## PROBLEM TO SOLVE
Copy out exactly the stretch of the listing below that begins at the line containing "Coleman Convoy 55 QT, chladící box" and ends at the line containing "Poignée de porte", and copy nothing outside it.

## RECORDS SUPPLIED

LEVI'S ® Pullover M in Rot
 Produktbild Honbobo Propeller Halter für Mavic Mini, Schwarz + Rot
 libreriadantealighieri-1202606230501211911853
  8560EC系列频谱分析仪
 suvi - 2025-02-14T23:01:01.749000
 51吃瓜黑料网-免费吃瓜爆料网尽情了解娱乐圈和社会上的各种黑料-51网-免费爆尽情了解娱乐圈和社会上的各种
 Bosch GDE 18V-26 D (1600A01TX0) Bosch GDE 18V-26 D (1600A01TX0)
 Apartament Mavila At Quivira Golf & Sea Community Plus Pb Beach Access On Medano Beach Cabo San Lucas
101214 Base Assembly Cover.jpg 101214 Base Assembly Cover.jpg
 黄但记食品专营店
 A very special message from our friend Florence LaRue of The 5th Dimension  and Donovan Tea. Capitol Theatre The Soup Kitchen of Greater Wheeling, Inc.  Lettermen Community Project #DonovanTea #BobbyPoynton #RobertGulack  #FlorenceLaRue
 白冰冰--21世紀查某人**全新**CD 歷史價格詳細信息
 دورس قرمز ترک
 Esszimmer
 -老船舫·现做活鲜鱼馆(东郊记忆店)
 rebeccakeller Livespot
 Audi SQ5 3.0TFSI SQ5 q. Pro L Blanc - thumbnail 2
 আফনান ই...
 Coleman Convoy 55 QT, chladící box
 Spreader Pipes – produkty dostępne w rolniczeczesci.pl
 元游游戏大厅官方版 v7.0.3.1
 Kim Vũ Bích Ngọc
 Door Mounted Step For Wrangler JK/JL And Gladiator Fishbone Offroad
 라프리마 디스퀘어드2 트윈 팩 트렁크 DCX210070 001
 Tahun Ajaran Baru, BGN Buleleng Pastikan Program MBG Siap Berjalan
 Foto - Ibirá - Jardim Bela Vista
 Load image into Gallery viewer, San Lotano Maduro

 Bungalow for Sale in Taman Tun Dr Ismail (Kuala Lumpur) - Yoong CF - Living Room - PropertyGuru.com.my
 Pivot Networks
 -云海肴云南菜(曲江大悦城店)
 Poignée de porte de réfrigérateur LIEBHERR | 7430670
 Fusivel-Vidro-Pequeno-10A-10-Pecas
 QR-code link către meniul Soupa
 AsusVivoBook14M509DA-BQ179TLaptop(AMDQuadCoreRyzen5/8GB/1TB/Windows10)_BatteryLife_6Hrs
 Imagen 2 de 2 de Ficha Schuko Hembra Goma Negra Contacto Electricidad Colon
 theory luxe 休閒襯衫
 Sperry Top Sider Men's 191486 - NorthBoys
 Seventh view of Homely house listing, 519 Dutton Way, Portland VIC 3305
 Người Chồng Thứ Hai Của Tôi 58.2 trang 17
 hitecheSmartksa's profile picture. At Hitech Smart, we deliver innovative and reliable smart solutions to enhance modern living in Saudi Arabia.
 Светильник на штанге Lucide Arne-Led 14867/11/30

## THE ANSWER
 Coleman Convoy 55 QT, chladící box
 Spreader Pipes – produkty dostępne w rolniczeczesci.pl
 元游游戏大厅官方版 v7.0.3.1
 Kim Vũ Bích Ngọc
 Door Mounted Step For Wrangler JK/JL And Gladiator Fishbone Offroad
 라프리마 디스퀘어드2 트윈 팩 트렁크 DCX210070 001
 Tahun Ajaran Baru, BGN Buleleng Pastikan Program MBG Siap Berjalan
 Foto - Ibirá - Jardim Bela Vista
 Load image into Gallery viewer, San Lotano Maduro

 Bungalow for Sale in Taman Tun Dr Ismail (Kuala Lumpur) - Yoong CF - Living Room - PropertyGuru.com.my
 Pivot Networks
 -云海肴云南菜(曲江大悦城店)
 Poignée de porte de réfrigérateur LIEBHERR | 7430670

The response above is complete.